A friend from Denmark forwarded an op-ed piece from the Washington Post. It was by the owner of a small internet company who had received a Justice Department "national security letter" ordering the man to provide information about a client.

It was accompanied by a gag order. The FBI has since abandoned the request for information, saying it does not need it, but continues to enforce the gag order against the company's owner.

As a news man, I have a knee-jerk opposition to government efforts to silence people or hide information. And as the owner of a small internet news service, I can relate to the author's position.

As he wrote anonymously for the Post, it is the imposition of silence that is pernicious.

He said he wanted to contact his representative in Congress when the re-authorization of the Patriot Act came up, for example, but could not because it would violate the gag order. He must lie to friends. He has been conscripted as a "secret government informer."

The FBI has issued 140,000 such letters according to a report by the inspector general of the Justice Department letters that are issued without judicial oversight and without a showing of need.

From outside of the political cauldron of the U.S., much of the world sees our nation as having abandoned many of the principles and liberties that made us great. But it is not a particular law that has achieved that degradation, it is the long-term, organized effort by the administration to politicize a professional justice department and a professional military.

Another friend from Denmark was visiting recently and we were talking about the military trials at Guantanamo and I said that our judiciary would, in the long run, never allow kangaroo courts in the American system.

The revolt has been slow and has come in bits and pieces, from the investigation of the political firing of U.S. attorneys to lower court rulings on procedural defects in the military tribunals to statements from prosecutors within the system condemning is methods.

Last week, after the ACLU filed a suit in the Northern District of California over a national security letter directed at the Internet Archive, the government agreed to withdraw the letter and also the gag provision.

In a more far-reaching decision, also last week, a military judge disqualified a Pentagon official from further participation in the "convening authority," which oversees the prosecutors and has much greater power over military judges than a civilian justice department would have over state or federal judges.

The judge accepted the criticism from the former Guantanamo chief prosecutor, Colonel Morris Davis, who complained of interference from on high by Brigadier General Thomas Hartmann who would instruct prosecutors to try certain cases because they were "sexy" or "would capture the imagination of the American public."

As the military judge put it appropriately, such considerations "suggest that factors other than those pertaining to the merits of the case were at play."

But what was lurking underneath that overt politicization of prosecutorial discretion was the former prosecutor's objection to the evidence that was being used, evidence obtained through coercive methods such as waterboarding.

Hartmann overruled Davis and instructed that such evidence be used.

It reminded me of the darkest parts of justice in America when heavy-set white sheriffs in the South would "grind the toes" of black suspects to extract confessions.

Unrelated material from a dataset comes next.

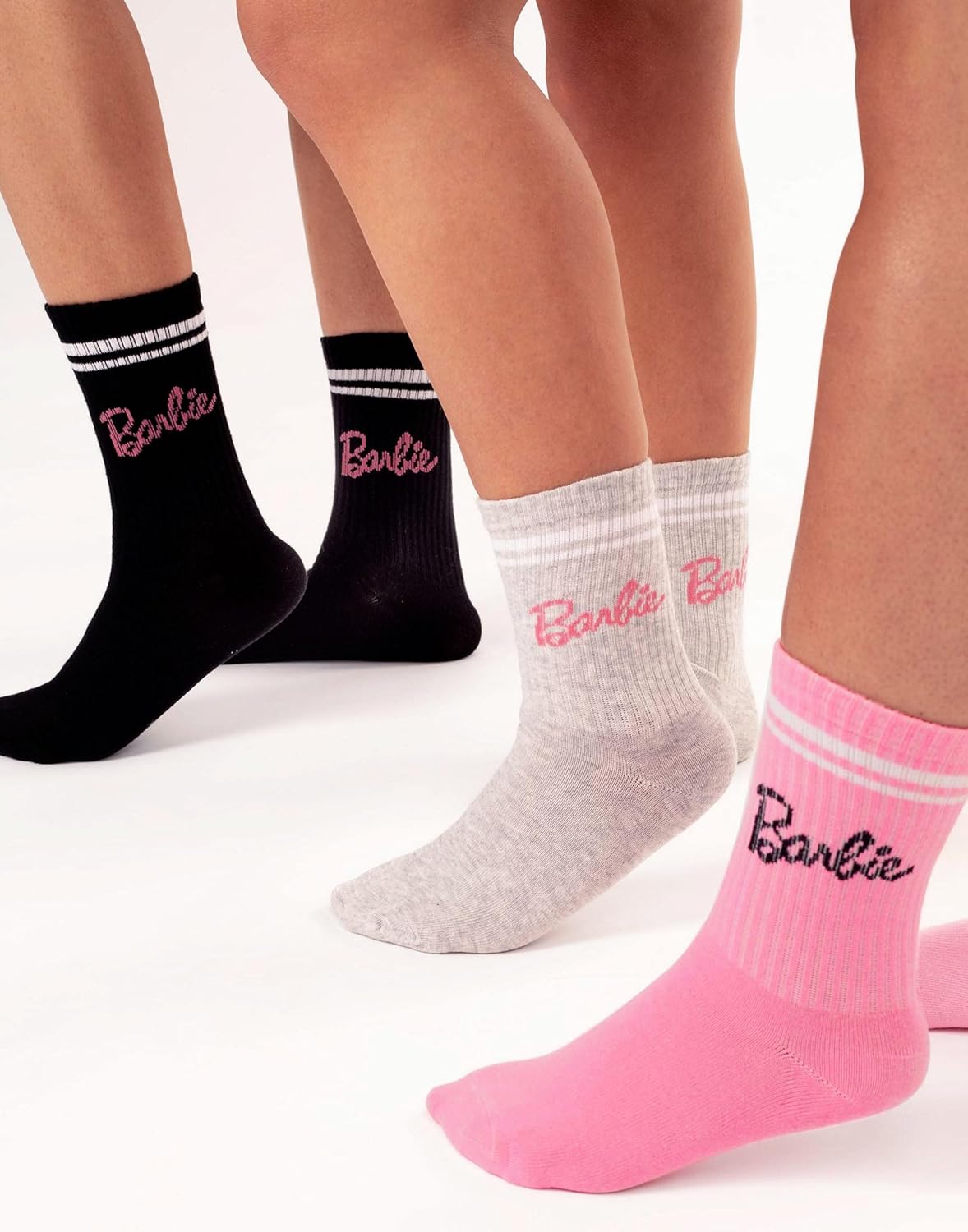 Lot de 3 chaussettes Barbie pour femme en rose, gris et noir – Image 3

Such evidence was notoriously unreliable and led to false convictions.

It seems to me, from a distance not so far removed as Denmark, that with every day that the Bush administration walks deeper into lame duck territory, the warp those folks have put on two proud groups prosecutors and military officers is coming undone.

It could not happen to a more deserving administration, one whose baneful influence cannot recede quickly enough and one whose overriding incompetence will live long in the memory.